人工力誘起反応(AFIR)法を用いた反応経路探索は、多くの場合、密度汎関数理論(DFT)に基づいて行われ、このDFTの演算コストが反応経路探索計算の大半を占めます。ICReDDのRuben Staub特任助教、Philippe Gantzer博士研究員、原渕 祐特任准教授、前田 理教授、Alexandre Varnek教授の研究チームは、DFT計算を非常に高速な機械学習ポテンシャル(ニューラルネットワークポテンシャル:NNP)に置き換えることで、AFIR法に基づく化学反応研究の計算コストを大幅に削減する方法を提案しました。
同チームは、まず初めに、有機合成分野における重要な反応の1つである、ウィルキンソン触媒を用いたエチレンの水素化反応を対象とし、DFTとAFIR法による反応経路探索によって機械学習に必要な分子構造とポテンシャル勾配のデータを計算しました。計算されたデータのうち、ごく一部のデータ点を用いてNNPを訓練することで、訓練に用いていない残りのDFTのデータ点の情報を非常に正確に予測できることが明らかになりました。
一方で、作成されたNNPモデルを用いてAFIR法の探索を進めたところ、探索中に非現実的な分子構造が得られることがわかりました。この結果を解析したところ、単純なNNPモデルには物理的な項が含まれないために、非現実的な分子構造を安定であると見積もってしまい、その構造をAFIR法が探索してしまうことがわかりました。これは、AFIR法とDFT計算によって作成したデータに、そのような非現実的な分子構造データが含まれないために、これを用いて学習したNNPモデルがこのような構造をどのように取り扱えばよいかわからないことが原因です。

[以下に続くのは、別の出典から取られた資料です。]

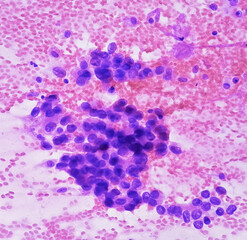 Photomicrograph of fine needle aspiration (FNA) cytology of a pulmonary (lung) nodule showing adenocarcinoma, a type of non small cell carcinoma.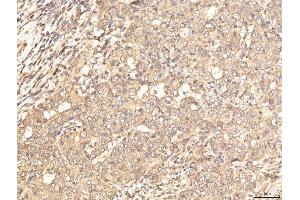 IHC analysis of BHMT using anti-BHMT antibody (ABIN7599940). (BHMT 抗体  (AA 13-386))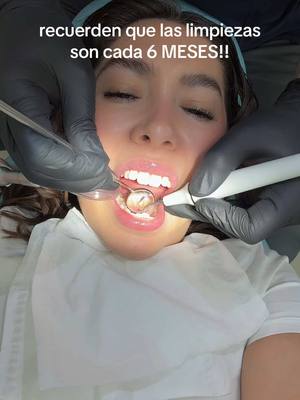 A post by @lilyxgarcia on TikTok caption: limpieza dental con el mejor 🦷❤️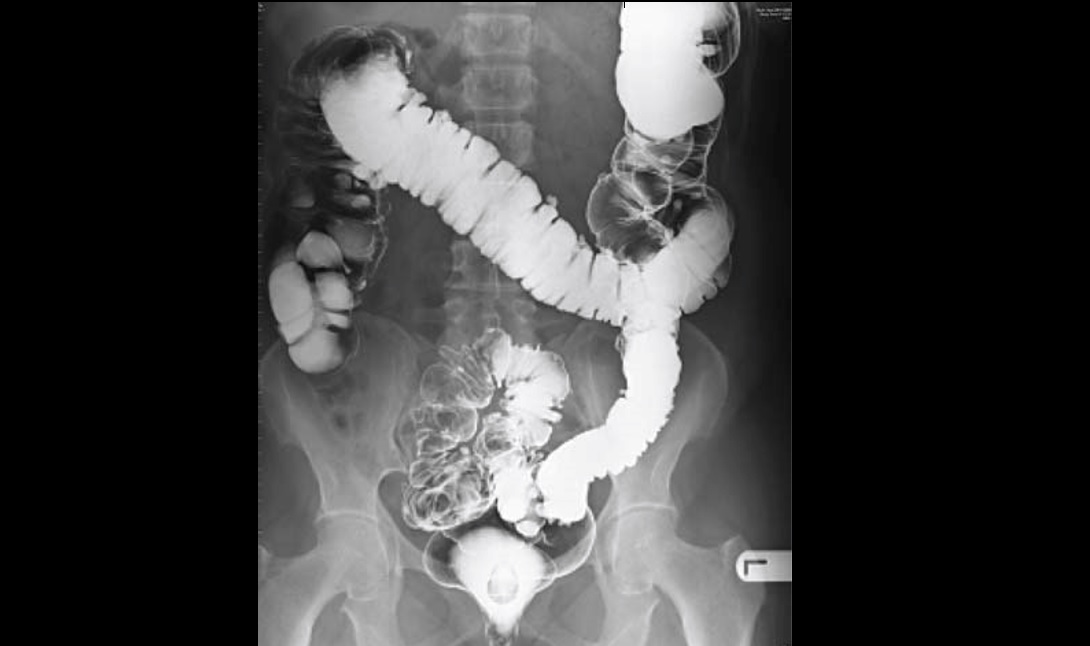 Solve This Case Of Abdominal Pain In This Elderly Woman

この課題に対処するため、同チームは、デルタラーニングと呼ばれる機械学習の枠組みを利用し、物理的な項を含みかつ高速に計算が可能なGFN2-xTB計算とNNPを組み合わせる方法を提案しました(NNP-xTBモデルと呼びます)。このデルタラーニングの枠組みは、現実的ではない非常に不安定な分子構造をAFIR法が探索しないようにするためのガードレールとして機能します。DFTとAFIR法によって計算された反応経路ネットワークの50%のデータ点を用いて訓練したNNP-xTBモデルを用い、AFIR法により新たに行った反応経路探索はDFTの探索結果を精度よく再現しました。また、この訓練に利用した50%というデータの割合は、反応経路ネットワークが占める化学空間を十分にサンプリングするのに必要な割合であることが、Generative Topographic Mapping法によって確かめられました。
同手法は、AFIR法の計算コストを劇的に削減する可能性を有しており、今後の化学反応創成における応用が期待されます。